Elizabeth: Right, so of course, this has to be juxtaposed against these really pretty impressive results with regard to further lowering of cholesterol in people who are at risk.

Rick: Yeah, they did a further analysis and what would the price have to drop to for it to be cost-effective? The study suggests that the price has to drop to a little over $1,100 per year for the PCSK9 inhibitors to provide good value in terms of secondary prevention.

Elizabeth: I think this is all really quite fascinating, especially within the context of the ostensible federal oversight of a lot of pharmaceutical pricing.

Rick: In fact, that’s why these medications, although they’re very effective, have not seen general acceptance by clinicians or patients.

Elizabeth: All right, since we’re talking about price, let’s turn to the New England Journal of Medicine, this analysis of the Medicare-implemented comprehensive care for joint replacement.

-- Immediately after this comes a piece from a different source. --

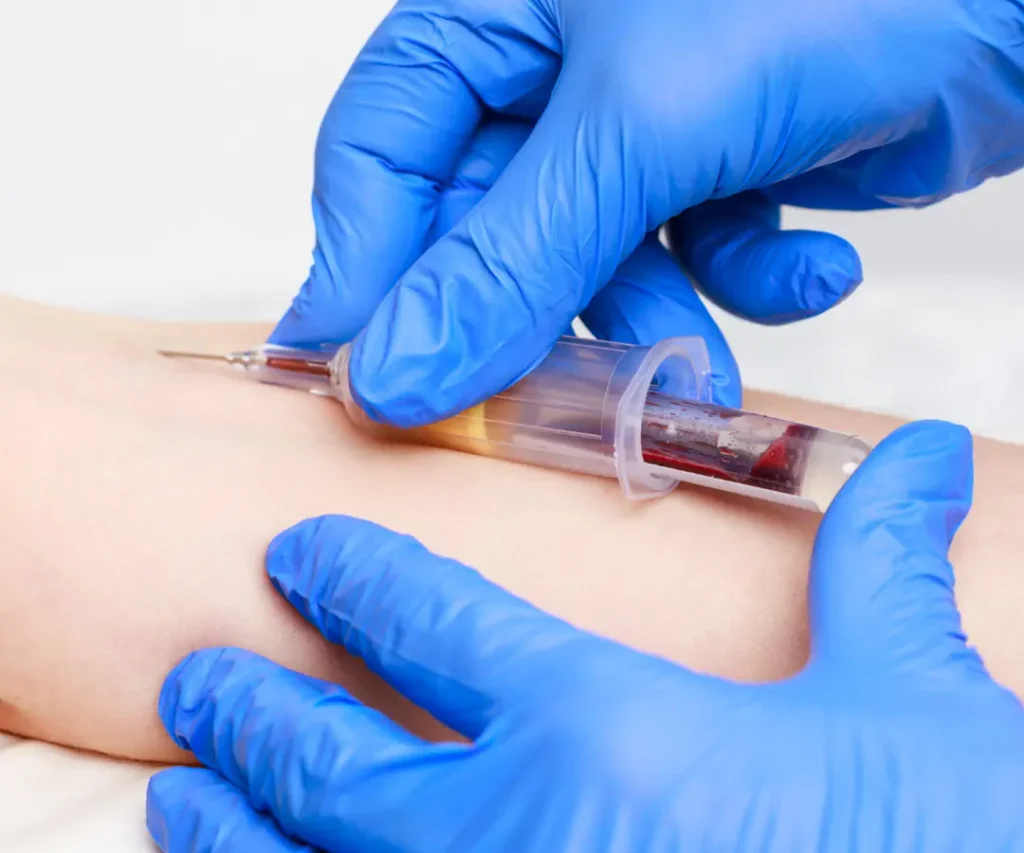 Profesional de la salud con guantes azules realizando una extracción de sangre del brazo de una paciente mediante una jeringa.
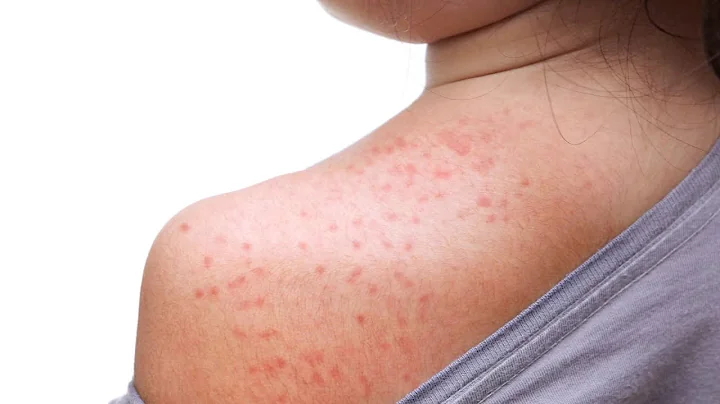 Bay Area health officials warn public as measles cases rise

This was a national mandatory bundled payment model for hip and knee replacement in randomly selected metropolitan areas.

What happened is these hospitals got bonuses or pay penalties based on Medicare spending per hip or knee replacement episode. That was the hospitalization plus 90 days after discharge. They took a look between 2015 through 2017 at 280,000+ hip or knee replacement procedures in 803 hospitals and treatment areas, and compared those with almost 400,000 procedures in just under a thousand hospitals in control areas.

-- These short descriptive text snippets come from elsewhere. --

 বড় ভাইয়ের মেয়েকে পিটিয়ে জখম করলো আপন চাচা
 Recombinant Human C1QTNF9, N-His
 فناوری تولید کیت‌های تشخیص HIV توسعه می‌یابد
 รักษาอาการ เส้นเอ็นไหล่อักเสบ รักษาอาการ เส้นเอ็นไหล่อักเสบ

What they found was that there were greater decreases in institutional spending per joint replacement episode in the treatment areas, not really terribly surprising. This was less $812, or 3.1%. It was largely driven — I thought this was really interesting — in the percentage of patients who were discharged to post-acute-care facilities. It seems to me it didn’t really impact too much on the hospital itself.

The program did not result in higher rates of complications or in the percentage of joint replacement procedures performed in high-risk patients. What it suggests is that it is effective in reducing spending on hip and knee replacement episodes. As I suggested to you, I would also say that this is kind of an intermediary point. I don’t think we know the full answer on this yet, but I think as time goes on and we gather more data it’s going to become more robust.

Rick: This bundled payment model, where the hospital is responsible not only for the surgery, but for the first 90 days of care and they receive a lump sum, and they have to decide how they’re going to allocate it, was meant to drive the hospitals to reduce the cost. It didn’t reduce the cost of the physicians or the surgery or the joint. What the hospitals did was they provided less post-hospital care.

Now, the complications that they measured were death and infection. They didn’t measure patient satisfaction or patient pain or how quickly they ambulated afterwards, so it’s very difficult to say whether this reduction in post-hospitalization care was unnecessary or whether it was necessary, but they just didn’t measure it afterwards. Even though it saved $800 per hospitalization, after they paid the incentives, it only saved about $200 per patient, so it was really a very modest decrease overall.

Elizabeth: That’s one of the reasons I suggested this has kind of been an intermediary point. We don’t really know the full answer for this yet. Moreover, as you suggest, I think that some kind of reduction has got to be appropriate, and somehow I think the hospital needs to figure out how to contain its costs, too.

Rick: I think that there’s some enthusiasm for doing that, but this follows on other bundled payment programs that really showed the same thing. It really doesn’t reduce the hospital cost. It reduced the post-hospital care and the post-hospital cost. If we can target that to individuals that receive the most benefit from it or that need it the most, we can help reduce cost in that manner.

Elizabeth: I’m sure that’s going to be an important consideration. I wonder how many times in 2019 we’re going to be talking about that. That’s a look, then, at this week’s medical headlines from Texas Tech. I’m Elizabeth Tracey.

Rick: I’m Rick Lange. Y’all listen up and make healthy choices.